Assignment: An exact restatement of the data is required, with the images omitted.

===== Entries provided =====

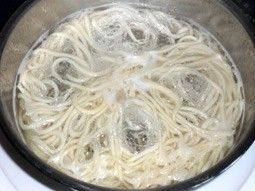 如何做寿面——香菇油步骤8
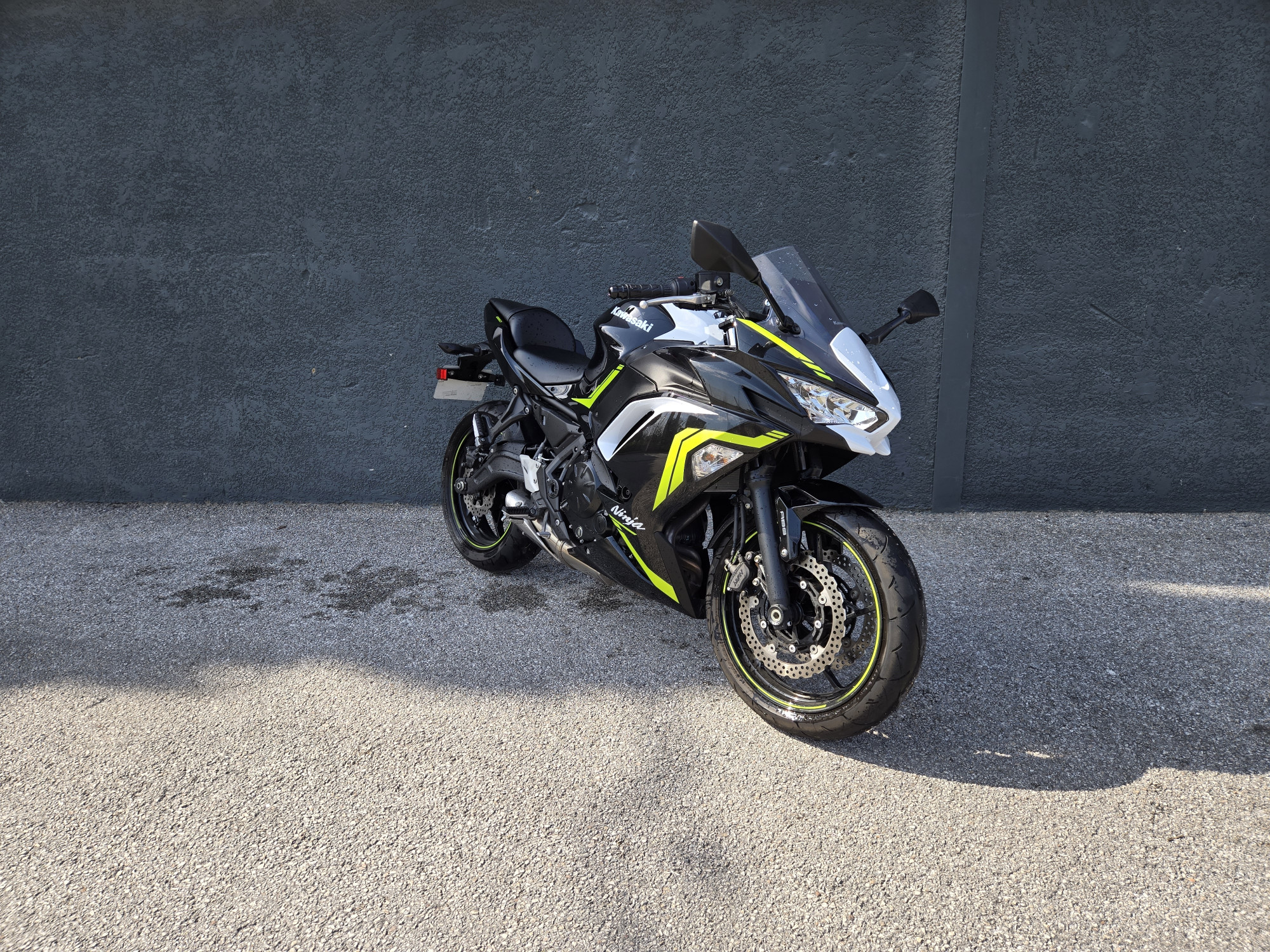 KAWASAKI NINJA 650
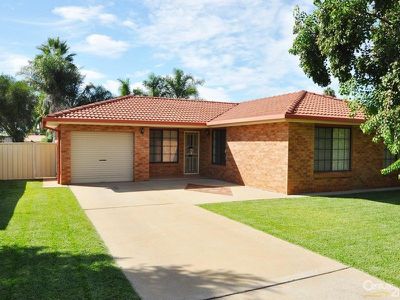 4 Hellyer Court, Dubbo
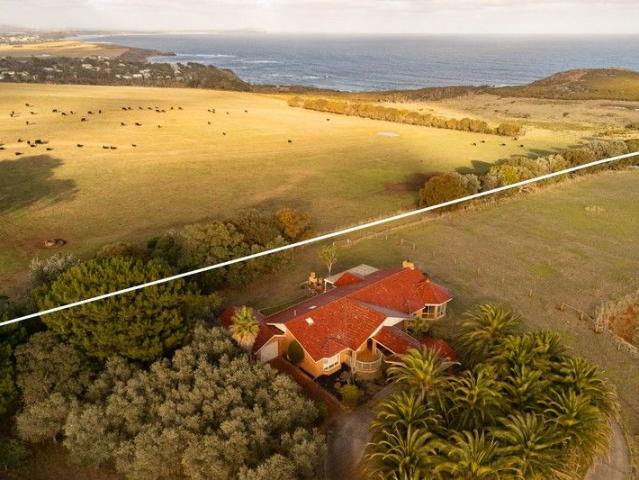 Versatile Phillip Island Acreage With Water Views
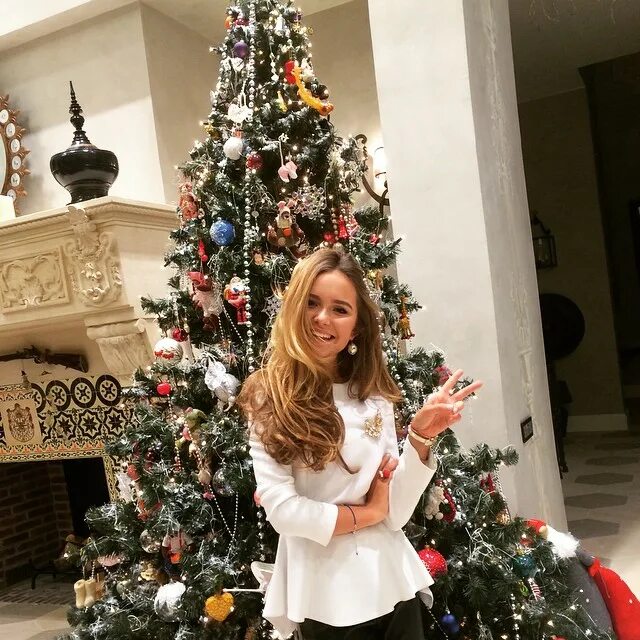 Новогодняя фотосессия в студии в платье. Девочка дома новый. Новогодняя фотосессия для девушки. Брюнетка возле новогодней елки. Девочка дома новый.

=====

Task solution:
 如何做寿面——香菇油步骤8
 KAWASAKI NINJA 650
 4 Hellyer Court, Dubbo
 Versatile Phillip Island Acreage With Water Views
 Новогодняя фотосессия в студии в платье. Девочка дома новый. Новогодняя фотосессия для девушки. Брюнетка возле новогодней елки. Девочка дома новый.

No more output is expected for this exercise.